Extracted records
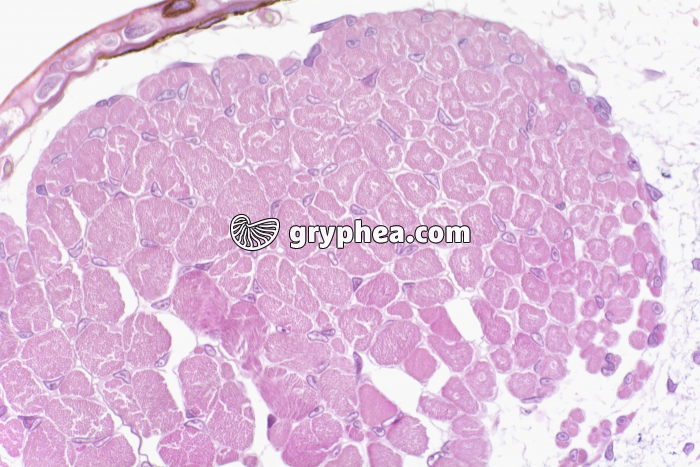 Tétard muscles en CT x100 - gryphea.com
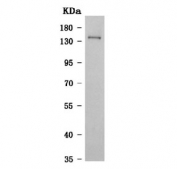 Western blot testing of human placenta tissue lysate with Nitric Oxide Synthase 3 antibody. Predicted molecular weight ~133 kDa.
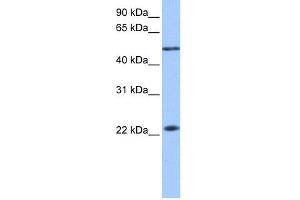 WB Suggested Anti-PIAS2 Antibody Titration: 0. (PIAS2 anticorps  (N-Term))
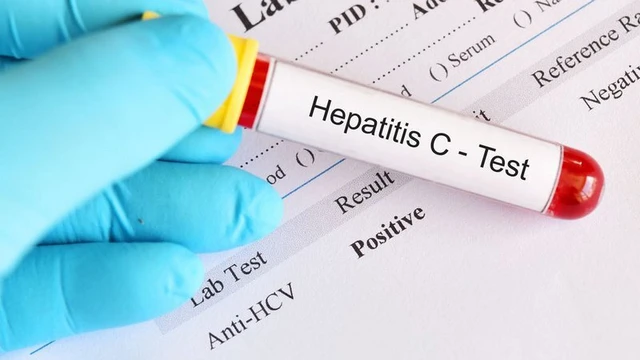 bai-viet/xet-nghiem-hcv-ab-la-gi-vai-tro-cua-hcv-ab-trong-chan-doan-benh-viem-gan.html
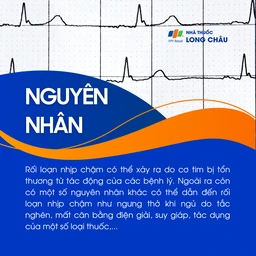 Rối loạn nhịp chậm 3
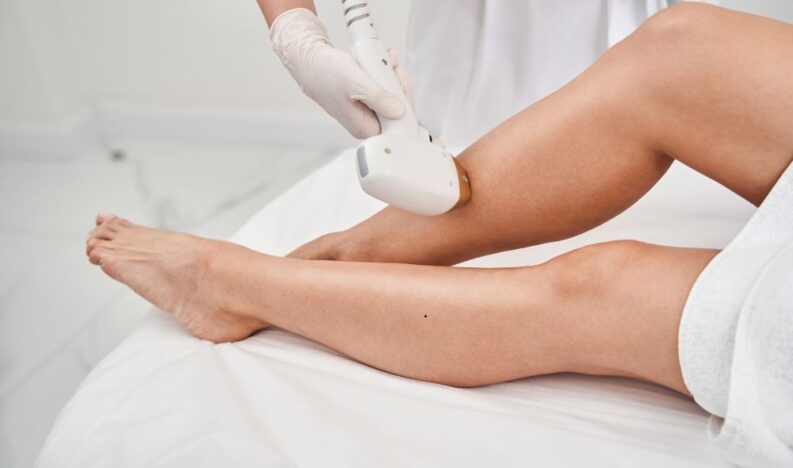 Laser Hair Removal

→ EXERCISE DESCRIPTION
In the answer, the entries must appear exactly as above, without the images.

→ EXERCISE ANSWER
 Tétard muscles en CT x100 - gryphea.com
 Western blot testing of human placenta tissue lysate with Nitric Oxide Synthase 3 antibody. Predicted molecular weight ~133 kDa.
 WB Suggested Anti-PIAS2 Antibody Titration: 0. (PIAS2 anticorps  (N-Term))
 bai-viet/xet-nghiem-hcv-ab-la-gi-vai-tro-cua-hcv-ab-trong-chan-doan-benh-viem-gan.html
 Rối loạn nhịp chậm 3
 Laser Hair Removal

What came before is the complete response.